La chanteuse en Jean Paul Gaultier : des dessous (i)coniques
Il n’y a pas que les corsets coniques et iconiques de Jean Paul Gaultier qui ont marqué les esprits. D’autres histoires de dessous ayant appartenu à Madonna ont aussi enflammé la scène. En 1987, au parc de Sceaux, dans la banlieue parisienne, Jacques Chirac, alors maire de la capitale et fan de l’interprète d’Holiday (1983), assiste au concert de la star.Or cette dernière sait que le futur président français a un faible pour elle.
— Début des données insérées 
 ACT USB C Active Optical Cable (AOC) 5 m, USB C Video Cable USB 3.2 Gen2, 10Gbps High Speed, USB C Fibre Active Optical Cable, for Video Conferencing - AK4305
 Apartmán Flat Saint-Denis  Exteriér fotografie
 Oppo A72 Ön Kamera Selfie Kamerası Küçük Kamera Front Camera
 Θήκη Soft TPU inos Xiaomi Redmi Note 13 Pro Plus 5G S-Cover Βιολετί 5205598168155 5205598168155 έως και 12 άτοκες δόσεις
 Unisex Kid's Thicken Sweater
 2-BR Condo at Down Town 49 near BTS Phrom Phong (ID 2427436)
Elle décide donc de lancer sa culotte en résille dans le public, pile dans sa direction. L’artiste ayant parfaitement visé, Jacques Chirac aurait réceptionné le présent sur ses genoux.
Peu après, l’histoire continua puisque que lorsque Madonna se rendit à l’hôtel de Ville de Paris pour délivrer un chèque de 500 000 francs à l’association Line, présidée par Line Renaud, elle fut embrassée tendrement par Jacques Chirac. Une accolade qui fit jaser les tabloïds et les fans, comblés de pouvoir broder sur une liaison entre les deux personnalités, façon Marilyn Monroe et John F. Kennedy.
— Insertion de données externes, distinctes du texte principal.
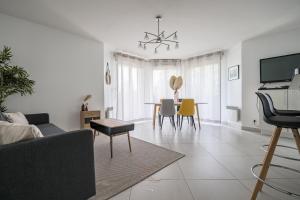Appartements Disneyland-Paris 8pers, Wifi, Parking, Garden : photos des chambres
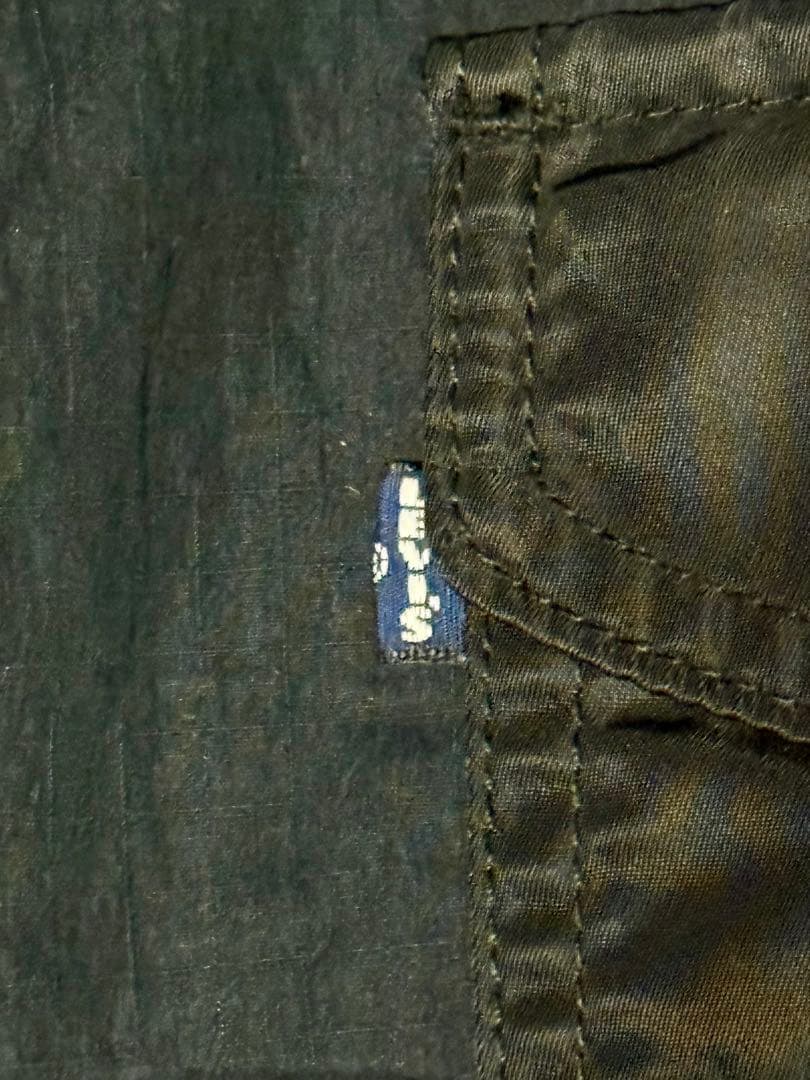WHITE MOUNTENEERING × LEVI'S パンツ W31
Madonna en robe de mariée : un Like a Virgin tout sauf virginal
En 1984, Madonna va devenir responsable de l’éveil au désir de nombreux adolescents de l’époque. Lors de la toute première cérémonie des MTV Video Music Awards, la jeune artiste de 26 ans chante son tube Like a Virgin mais pas vraiment d’une façon aussi innocente que le titre le laisserait présager. Déguisée en mariée et arborant une ceinture ornée des mots « boy toy » (« jouet pour garçon ») elle sort d’un gâteau géant avant de se déhancher lascivement.
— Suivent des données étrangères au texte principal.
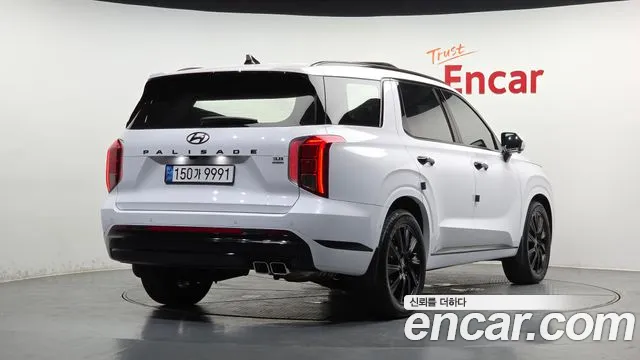 Hyundai Palisade The New Palisade Бензин 3.8 4WD — Фото автомобиля 2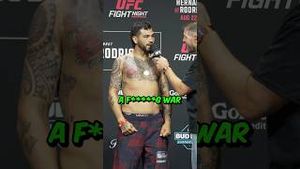 Video post by @fullsendmma on YouTube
Le climax de sa prestation très érotique et soi-disant improvisée ? Lorsque Louise Ciccone (le vrai nom de la chanteuse) décide de se rouler sur le sol tout en dévoilant ses sous-vêtements. Une position qui évoque la masturbation et avec laquelle Madonna, puissante, affirme que le sex appeal triomphant n’est pas l’apanage des hommes (Elvis Presley, George Michael, Michael Jackson, Prince).
Confessions II de Madonna, disponible le 3 juillet 2026.